• TASK TO COMPLETE: Omitting the pictures, output all of the records precisely as written.

Short web captions
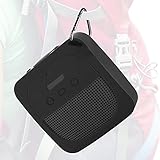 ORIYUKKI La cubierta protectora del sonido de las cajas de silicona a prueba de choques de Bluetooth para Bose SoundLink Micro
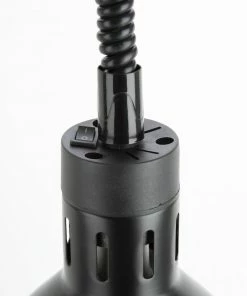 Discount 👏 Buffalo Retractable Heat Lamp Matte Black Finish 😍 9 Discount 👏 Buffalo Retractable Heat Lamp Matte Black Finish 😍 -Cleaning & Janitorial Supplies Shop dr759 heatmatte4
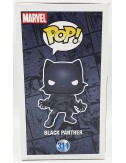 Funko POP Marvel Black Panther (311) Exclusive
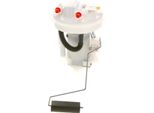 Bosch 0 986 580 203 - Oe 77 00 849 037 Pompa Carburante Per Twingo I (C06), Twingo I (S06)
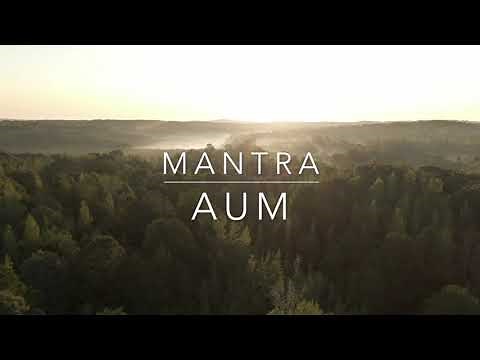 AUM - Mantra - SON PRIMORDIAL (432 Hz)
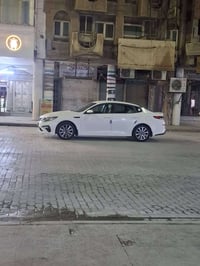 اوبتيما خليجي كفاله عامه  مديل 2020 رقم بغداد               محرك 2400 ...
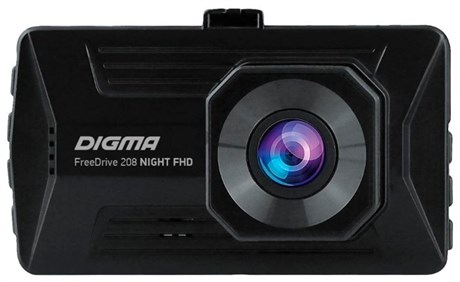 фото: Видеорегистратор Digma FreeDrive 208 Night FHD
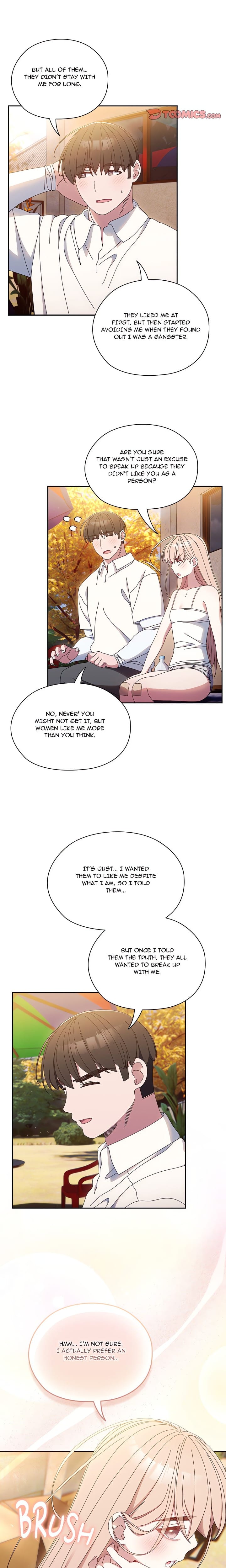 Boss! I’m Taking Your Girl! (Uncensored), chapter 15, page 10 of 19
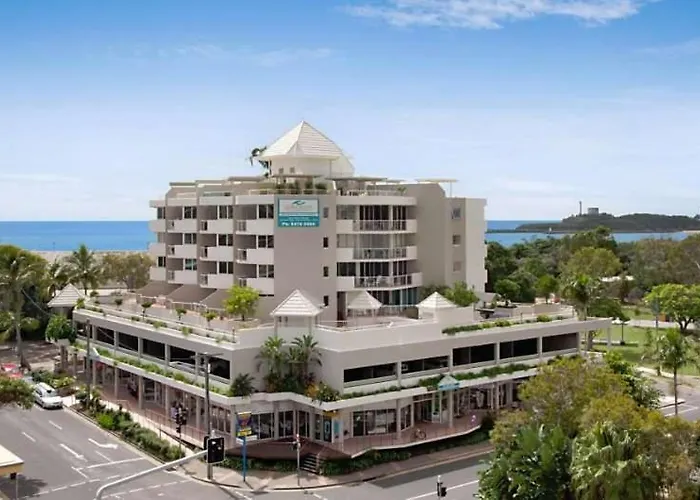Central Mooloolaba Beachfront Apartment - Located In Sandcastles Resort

• WRITTEN SOLUTION:
 ORIYUKKI La cubierta protectora del sonido de las cajas de silicona a prueba de choques de Bluetooth para Bose SoundLink Micro
 Discount 👏 Buffalo Retractable Heat Lamp Matte Black Finish 😍 9 Discount 👏 Buffalo Retractable Heat Lamp Matte Black Finish 😍 -Cleaning & Janitorial Supplies Shop dr759 heatmatte4
 Funko POP Marvel Black Panther (311) Exclusive
 Bosch 0 986 580 203 - Oe 77 00 849 037 Pompa Carburante Per Twingo I (C06), Twingo I (S06)
 AUM - Mantra - SON PRIMORDIAL (432 Hz)
 اوبتيما خليجي كفاله عامه  مديل 2020 رقم بغداد               محرك 2400 ...
 фото: Видеорегистратор Digma FreeDrive 208 Night FHD
 Boss! I’m Taking Your Girl! (Uncensored), chapter 15, page 10 of 19
Central Mooloolaba Beachfront Apartment - Located In Sandcastles Resort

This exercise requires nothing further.